A footprint fossil of a giant dinosaur sauropod complete with skin and shape has been discovered in Haman County, South Gyeongsang Province. This is one of the biggest and the best preserved fossil ever found in the world.
A research team led by Paik In-sung, an earth and environmental science professor at Pukyong National University, published the finding in the Scientific Reports, a sister journal of Nature.
“Countless number of dinosaur footprint fossils have been discovered throughout the world, including the Korean Peninsula, but few are complete with foot skin,” the professor said in a phone call interview with The Dong-A Ilbo Monday. “This fossil will be very helpful in piecing together what the Korean Peninsula looked like in cretaceous period 100 million years ago and the ancient world dinosaurs lived in.”

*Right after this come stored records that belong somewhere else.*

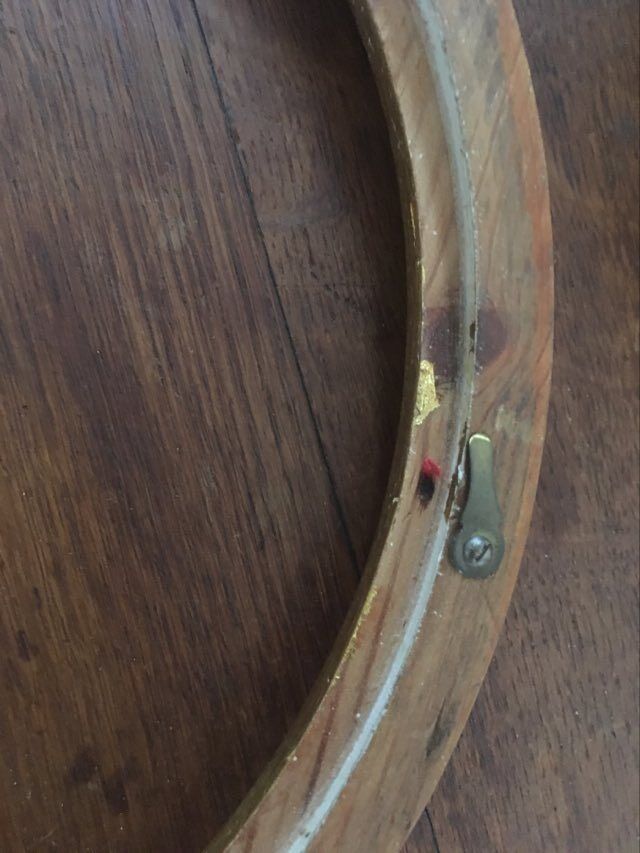 Round frames in gilded wood.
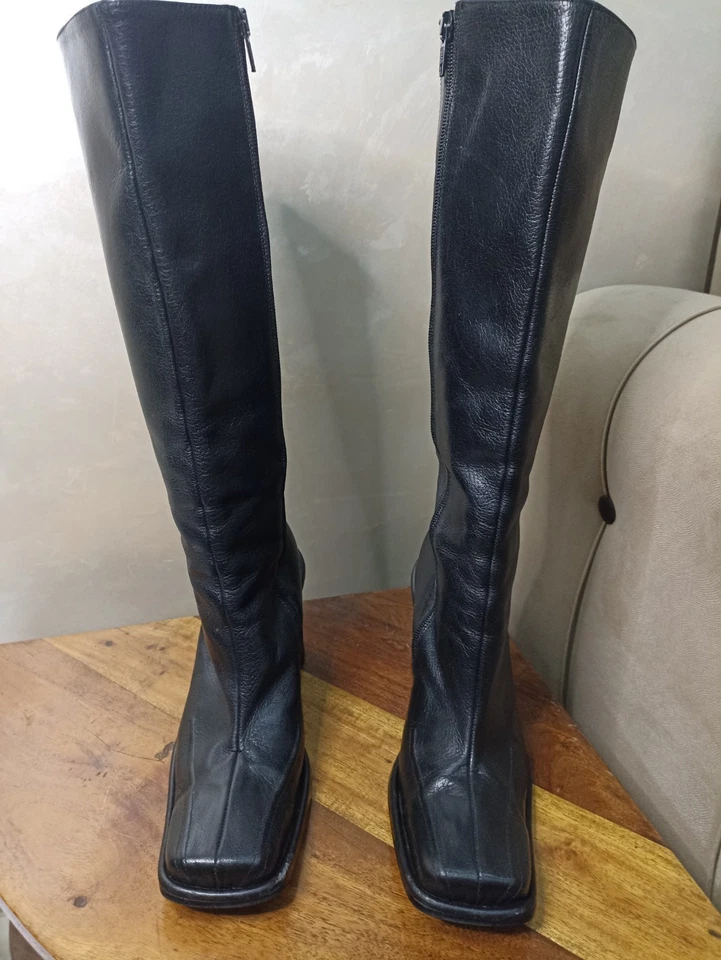 luichiny Spain BLACK LEATHER KNEE HIGH BOOTS 40 EU - Image 2 of 4
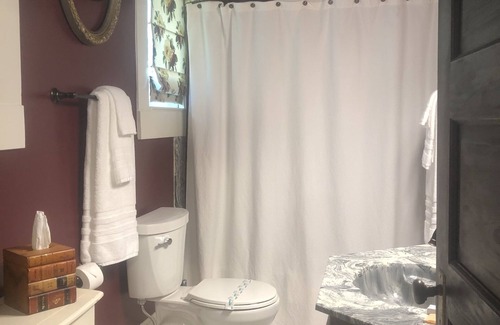 Hattiesburg Bed & Breakfast | Discover Ross Mansion Bed & Breakfast: Top-Rated Elegance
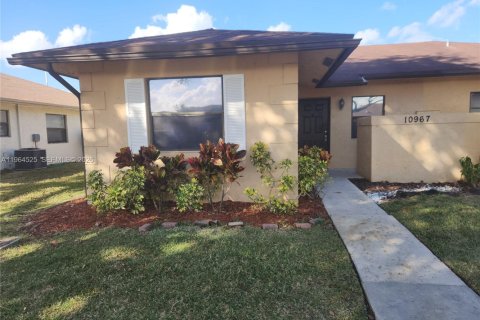 Villa ou maison à Sunrise, Floride 3 chambres, 106.28 m2 № 2028631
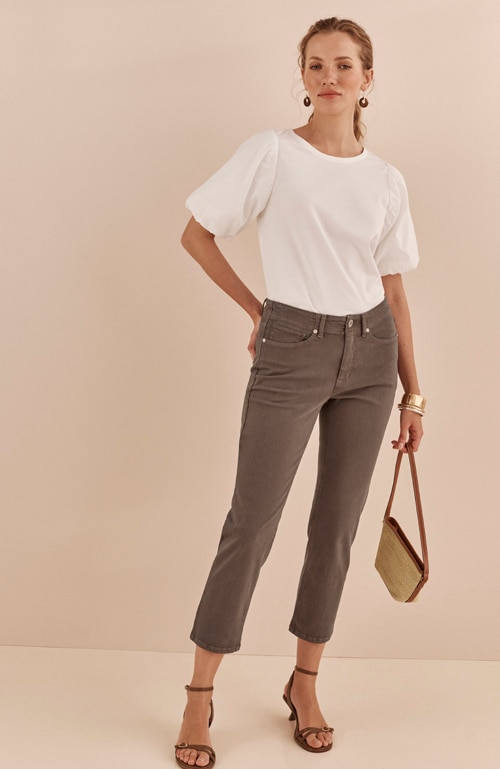 Shop our high-rise straight-leg cropped jeans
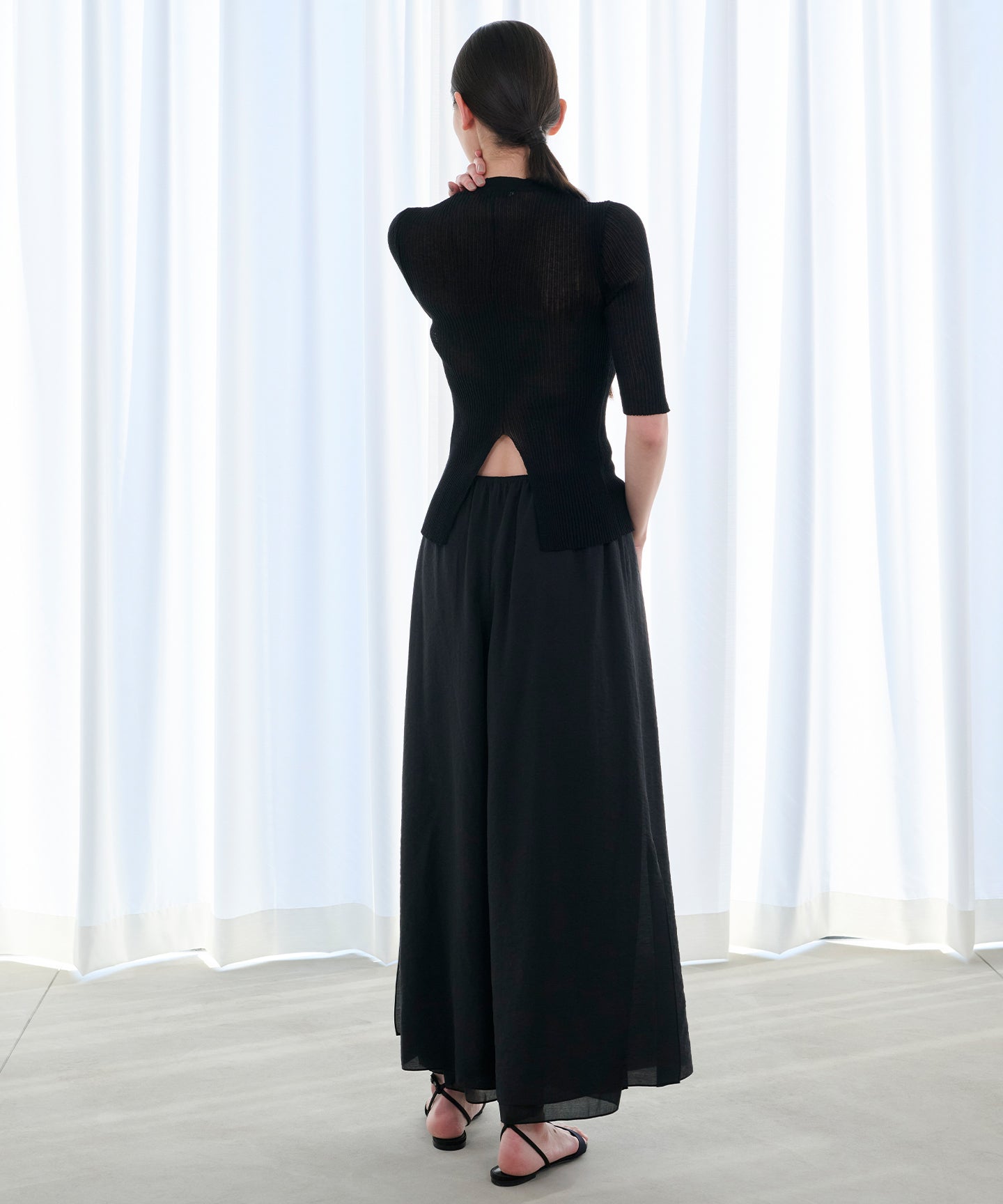 SHEER RIB / RD NK SHORTSLEEVE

The team uncovered the fossil on a rock found in a construction site in Haman County while studying the sedimentary layer of the early Cretaceous period. The fossil is more than 50 centimeters in diameter and inside the fossilized footprint are hexagon-shaped skin textures that are 6 to 19 millimeters in width forming a beehive pattern.
The research team analyzed that the patterns helped dinosaurs walk without slipping in mud flats and clay soils by increasing surface friction. “The reason why dinosaurs in the late Mesozoic period, including the Cretaceous period, had polygonal skin textures on their feet seems to be related to the expansion of their habitat from forests to plains with lakes,” said professor Paik.
When asked why fossils are often found in the region, he said, “It is because the region has proper conditions for the preservation of fossils.” One-hundred million years ago, the region had a semi-arid climate, alternating between rainy season and dry season, thereby creating an environment where dinosaurs frequented on the edges of the lakes and ponds in the region, the professor explained.